Les minutes s'écoulaient dans le silence, mon bras a fait un très léger mouvement qui s'est interrompu de lui-même, je ne savais pas comment faire pour m'approcher de ce corps, moite, presque malodorant. J'aurais voulu commencer pas les seins, les caresser, les sentir, les lécher, je n'avais jamais fait ça; les pincer et les mordre, écarter ses jambes et me glisser entre elles, ôter ma chemise de nuit qui collait à mon corps, et me serrer contre elle, contre cette chaleur toute proche qui occupait mon lit. Je ne pouvais pas le faire, l'envie était trop neuve, j'en étais incapable, mon cœur battait très vite, mes mains restaient là, attachées au tissu de ma chemise, et liées par la peur. Ce n'était pas Eva qui m'effrayait, non, ça n'avait rien à voir.
   — Tu dors?
   Elle n'a pas répondu. Sa bouche était ouverte, elle s'était endormie sans faire le moindre bruit.

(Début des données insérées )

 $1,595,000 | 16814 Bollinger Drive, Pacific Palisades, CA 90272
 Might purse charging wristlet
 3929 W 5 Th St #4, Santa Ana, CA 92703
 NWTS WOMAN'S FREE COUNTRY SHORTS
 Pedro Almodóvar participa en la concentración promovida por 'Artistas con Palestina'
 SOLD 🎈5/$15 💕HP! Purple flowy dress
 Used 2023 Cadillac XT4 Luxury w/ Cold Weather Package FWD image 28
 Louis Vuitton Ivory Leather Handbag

Je suis restée longtemps immobile. Eva était maintenant si calme qu'on aurait dit qu'elle ne respirait pas. J'ai fini par me lever, j'ai contourné le lit, silencieuse comme un chat, son pantalon traînait par terre comme sa culotte et le reste. J'ai glissé ma main dans la poche, la lettre était là. Je l'ai prise avec autant de soin que j'en avais mis pour me lever puis, à pas toujours feutrés, je suis sortie de la chambre, je suis descendue pieds nus, sans allumer. Au bas de l'escalier j'ai trébuché sur les chaussures de Marien, des chaussures brunes genre dockside; Marien avait le pied large et elles semblaient immenses, immenses et vieilles. Je les ai poussées du bout de l'orteil et je suis entrée dans la salle à manger. Sur la table, les reliefs du repas durcissaient, je n'y ai pas touché. Il restait un peu de vin que j'ai mis dans mon verre, je l'ai bu d'un trait, puis j'ai rejoint le canapé où je me suis allongée.

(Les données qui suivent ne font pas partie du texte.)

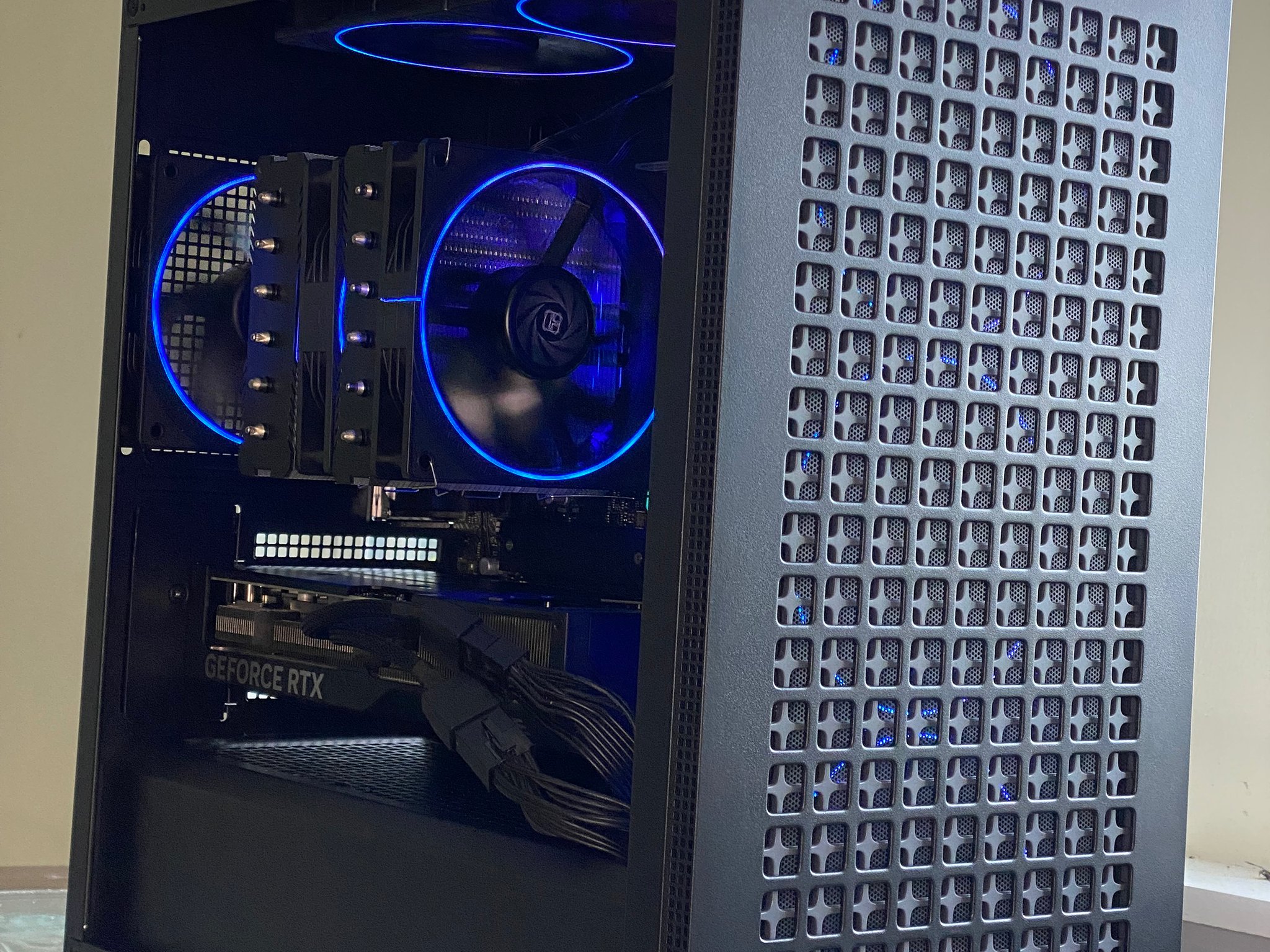 Onyx i5 12600kf RTX 4070 Super 32GB DDR5 6000 2TB NVME Gaming, Streaming Content Creation and Art PC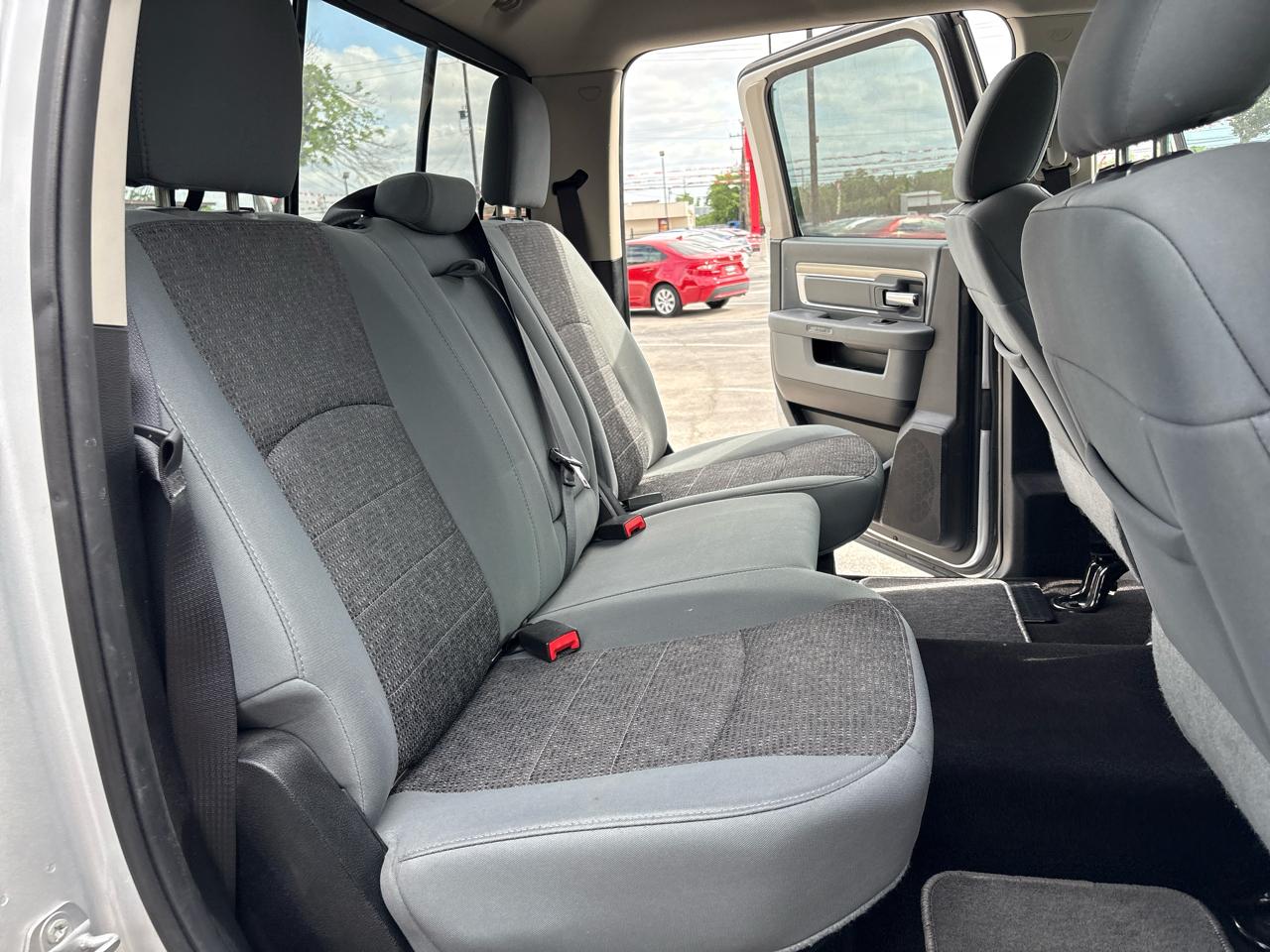 RAM 1500 2WD Crew Cab 140.5" Lone Star 2016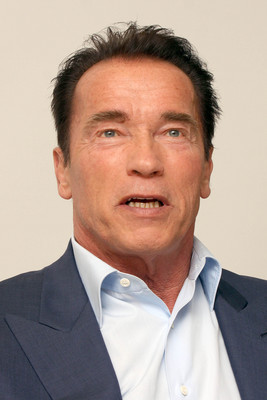 Arnold Schwarzenegger Poster 2377682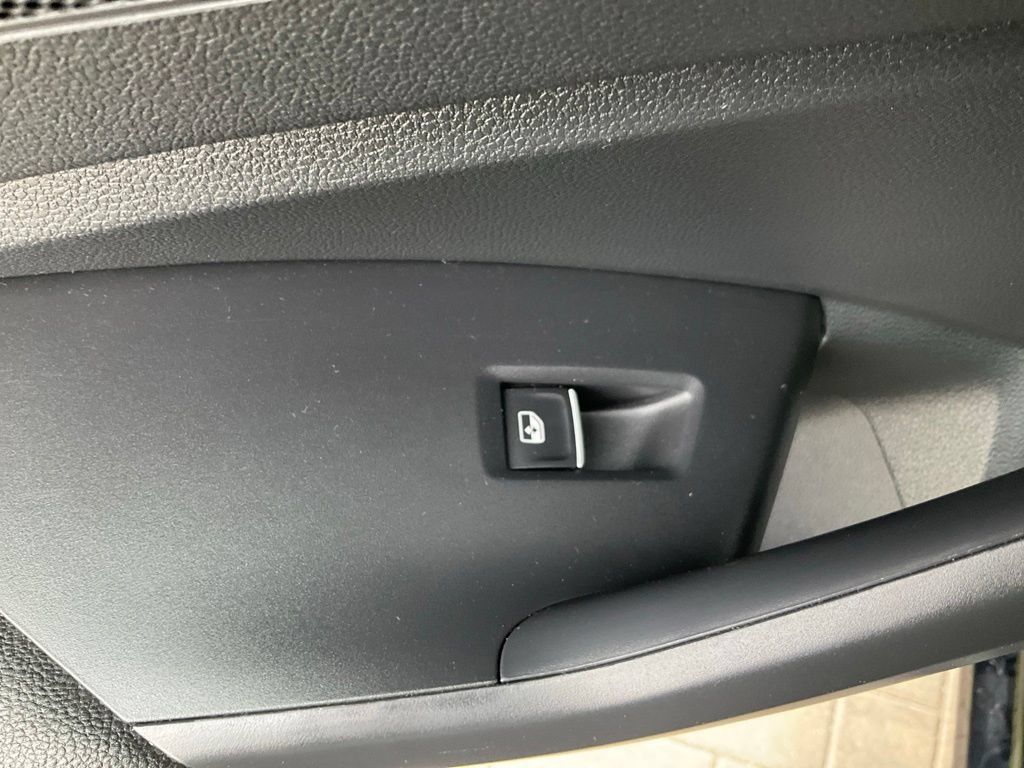 Used 2025 Volkswagen Jetta S FWD image 33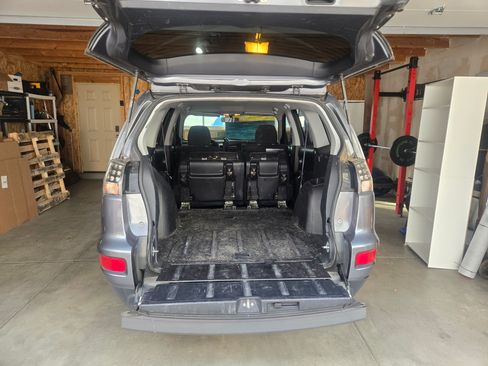 Used 2011 Mitsubishi Outlander ES image 16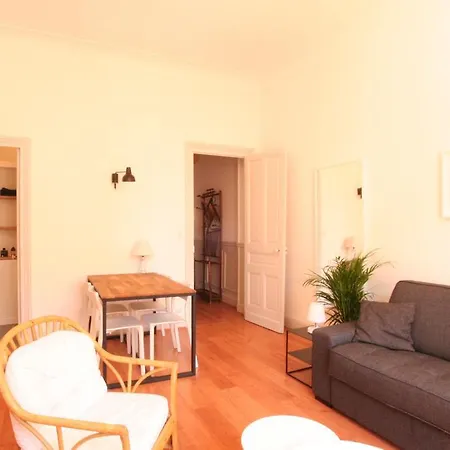 Apartment Studio Lumineux Dans Ancien Palace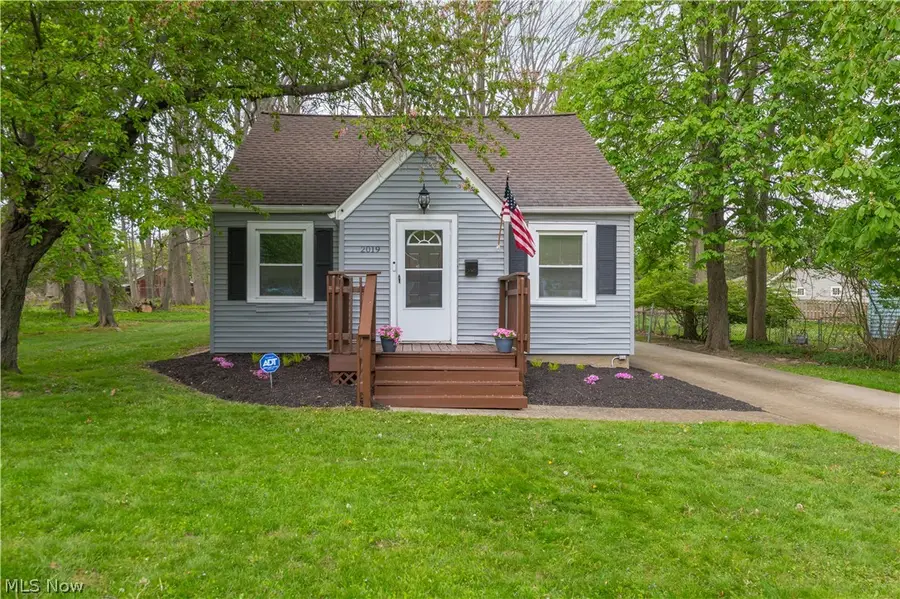 2019 Beverly Hills Drive, Richmond Heights, OH 44143 - #2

   Une moto est passée dans la rue, et puis de nouveau le silence. J'ai allumé la lampe qui se trouvait à portée de main, elle diffusait une lumière presque bleue, et j'ai déplié la lettre. C'était facile, elle commençait par mon amour, premiers mots adorables.

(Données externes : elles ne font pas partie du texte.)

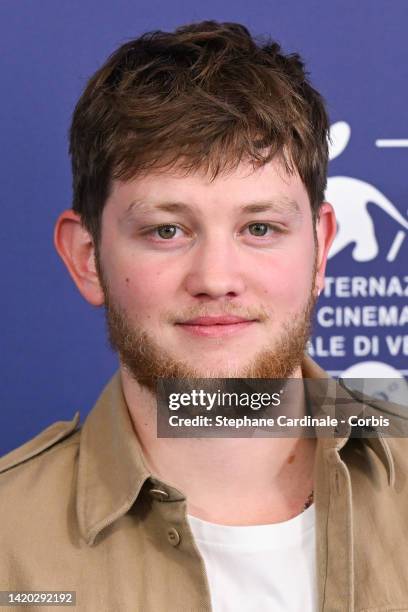 Anthony Bajon attends the photocall for "Athena" at the 79th Venice International Film Festival on September 02, 2022 in Venice, Italy.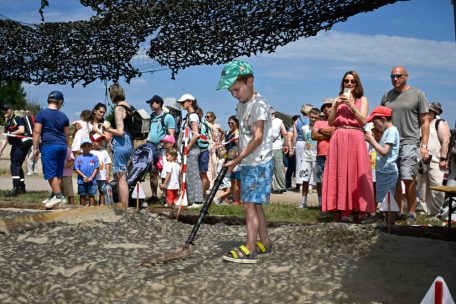 „Minen“ suchen im Sandkasten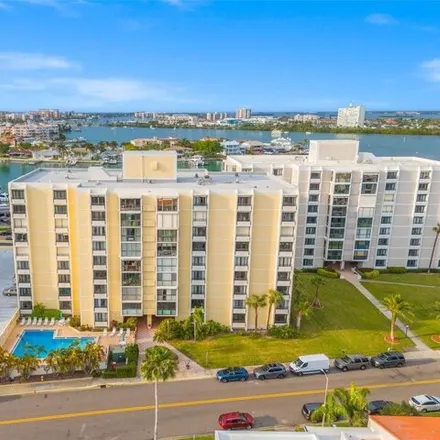 Buy this 2 bed condo on 821 Bayway Boulevard in Clearwater, FL 33767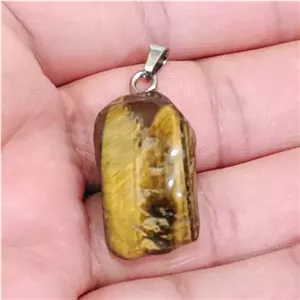 گردن آویز سنگ طبیعی چشم ببر دفرمه معدنی 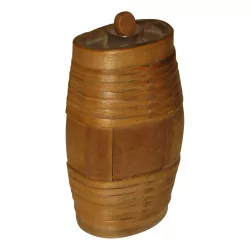 Small oval liqueur barrel in light wood and tight with …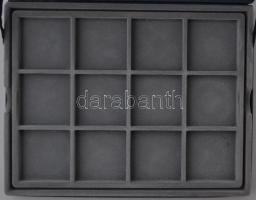 Éremtartó kazetta kivehető tálcával, 24 férőhellyel, használt állapotban, matricával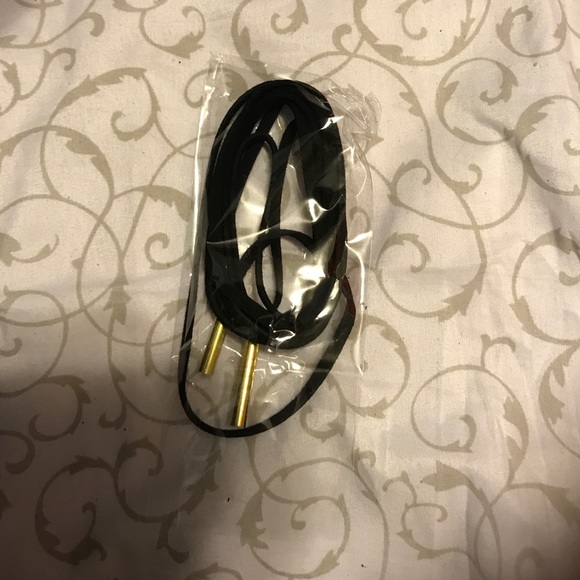 ✨BLACK CHOKER✨ - Picture 2 of 2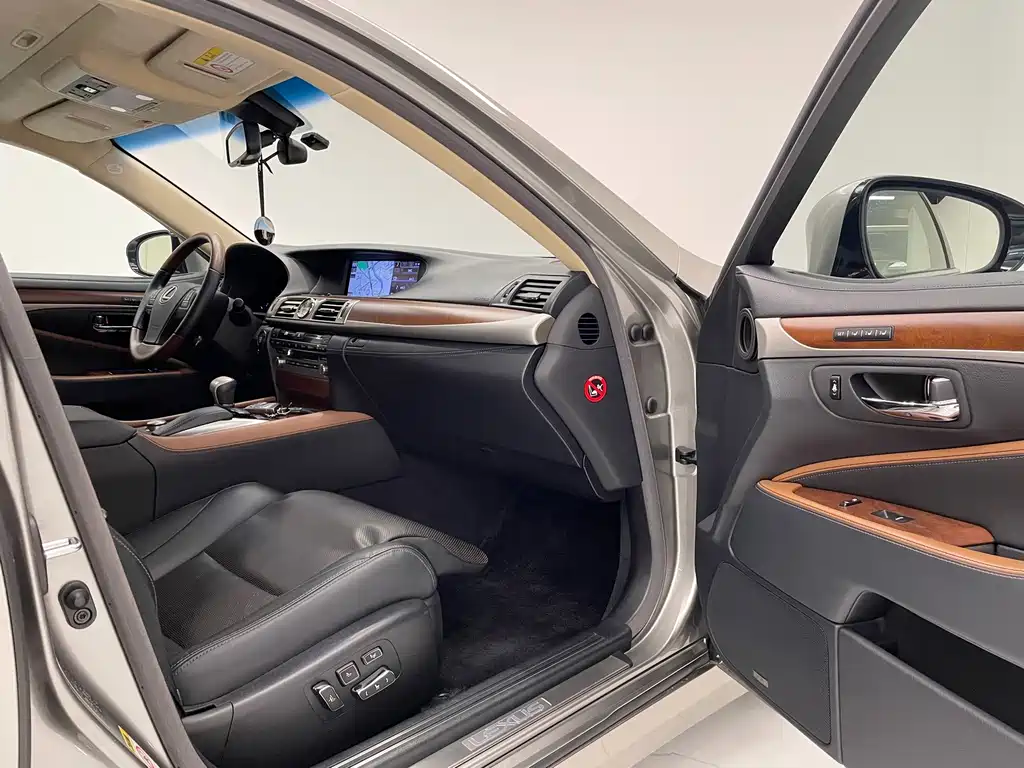 Lexus LS — миниатюра 15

   Je me suis installée un peu plus commodément, en glissant une main sous ma chemise de nuit, sur ma peau qui avait la moiteur peut-être du corps d'Eva étendu là en haut. Je me sentais affamée et coupable comme une enfant qui se glisse dans la nuit pour manger en cachette, n'importe quoi d'écoeurant et d'absolument nécessaire, de la soupe de marrons, du pâté d'oie en croûte, du pied de porc en gelée, une friture de goujons. L'écriture de Dean était belle, ronde et pleine, la lettre n'était pas longue, il suffisait de la lire lentement jusqu'à ce que les mots perdent le sens que je leur trouvais enfin. Eva dormait comme un ange dans ma chambre, je me sentais plus affamée que coupable, impatiente et bientôt satisfaite.